---- EXERCISE INPUTS

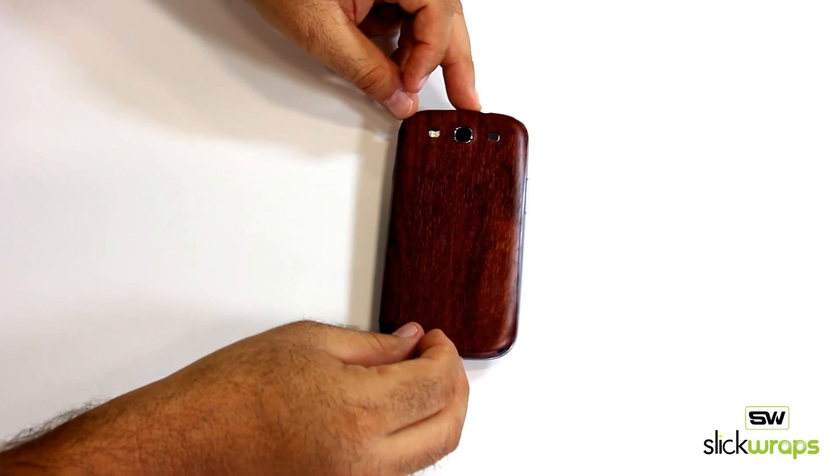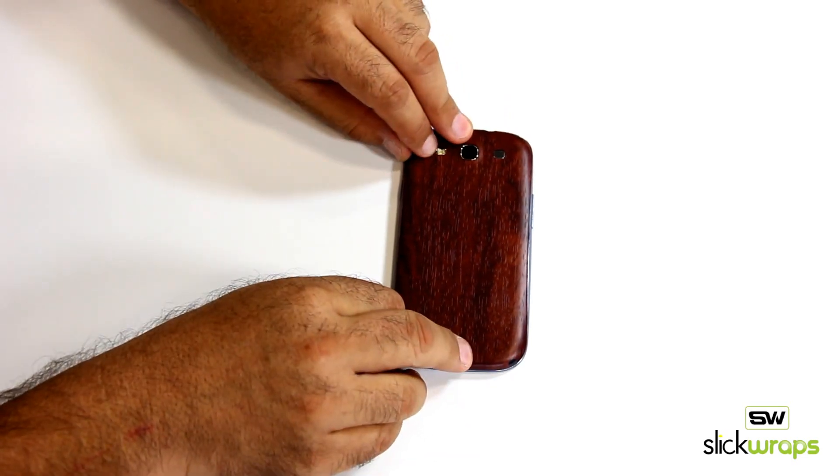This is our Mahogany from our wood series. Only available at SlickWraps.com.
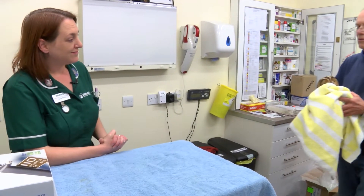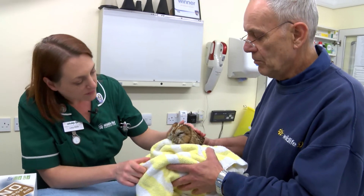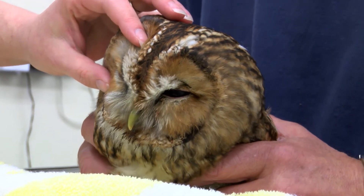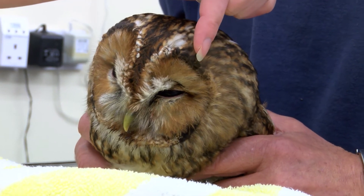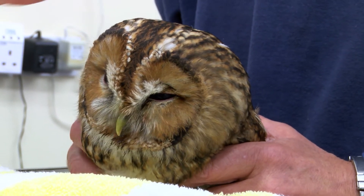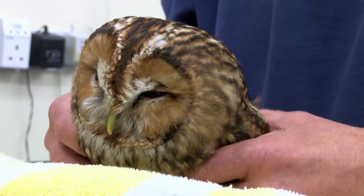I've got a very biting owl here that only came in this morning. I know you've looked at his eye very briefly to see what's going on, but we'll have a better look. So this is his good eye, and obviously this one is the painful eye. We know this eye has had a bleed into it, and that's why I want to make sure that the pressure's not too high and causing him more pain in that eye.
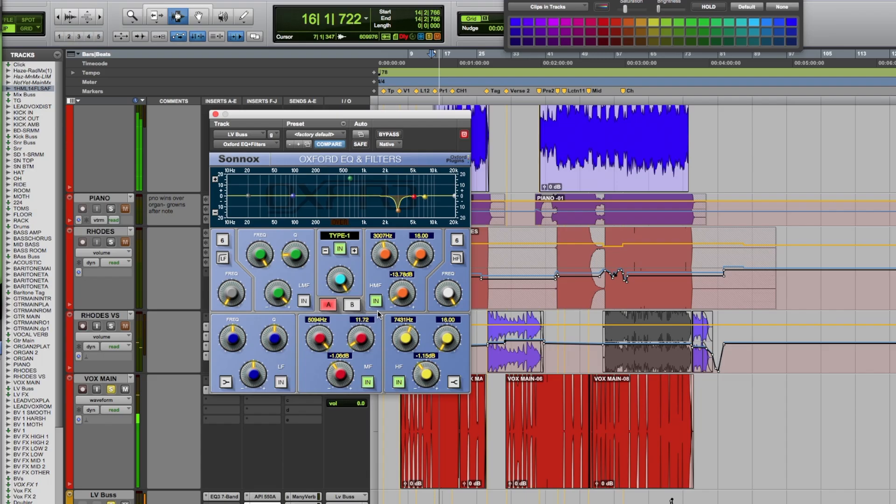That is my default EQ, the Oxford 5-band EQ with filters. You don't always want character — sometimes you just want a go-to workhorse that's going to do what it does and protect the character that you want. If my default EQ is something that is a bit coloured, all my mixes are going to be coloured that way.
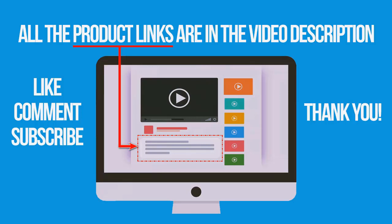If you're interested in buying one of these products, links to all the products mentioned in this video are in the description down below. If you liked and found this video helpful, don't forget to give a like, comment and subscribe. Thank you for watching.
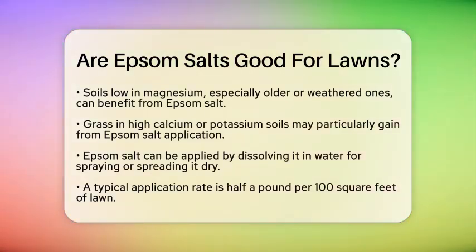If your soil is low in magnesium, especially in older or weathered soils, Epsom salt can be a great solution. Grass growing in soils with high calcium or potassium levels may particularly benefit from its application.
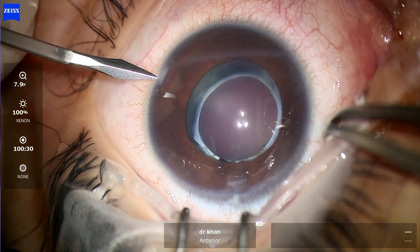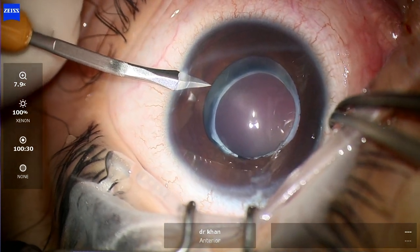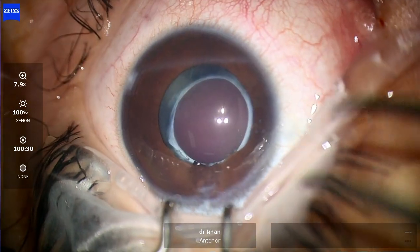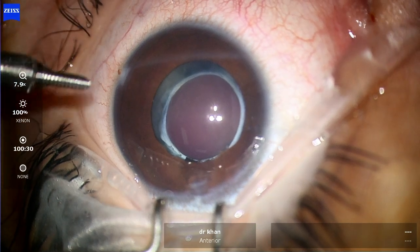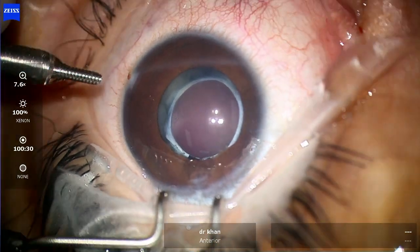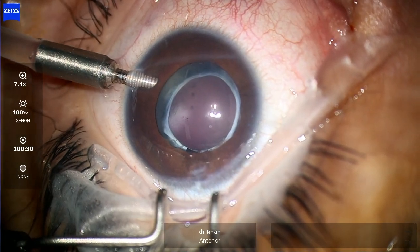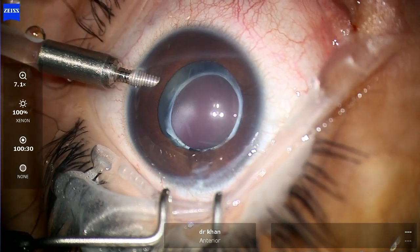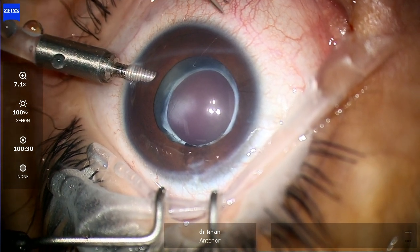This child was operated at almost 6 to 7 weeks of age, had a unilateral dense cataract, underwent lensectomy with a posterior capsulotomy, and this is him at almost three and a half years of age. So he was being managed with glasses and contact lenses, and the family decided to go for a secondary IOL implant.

--------

ASSIGNMENT: From the first line of the entries above through the line with "I've got a very", set down each line exactly and drop the pictures.

SOLUTION FOR THIS PROBLEM:
This is our Mahogany from our wood series. Only available at SlickWraps.com.
I've got a very biting owl here that only came in this morning. I know you've looked at his eye very briefly to see what's going on, but we'll have a better look. So this is his good eye, and obviously this one is the painful eye. We know this eye has had a bleed into it, and that's why I want to make sure that the pressure's not too high and causing him more pain in that eye.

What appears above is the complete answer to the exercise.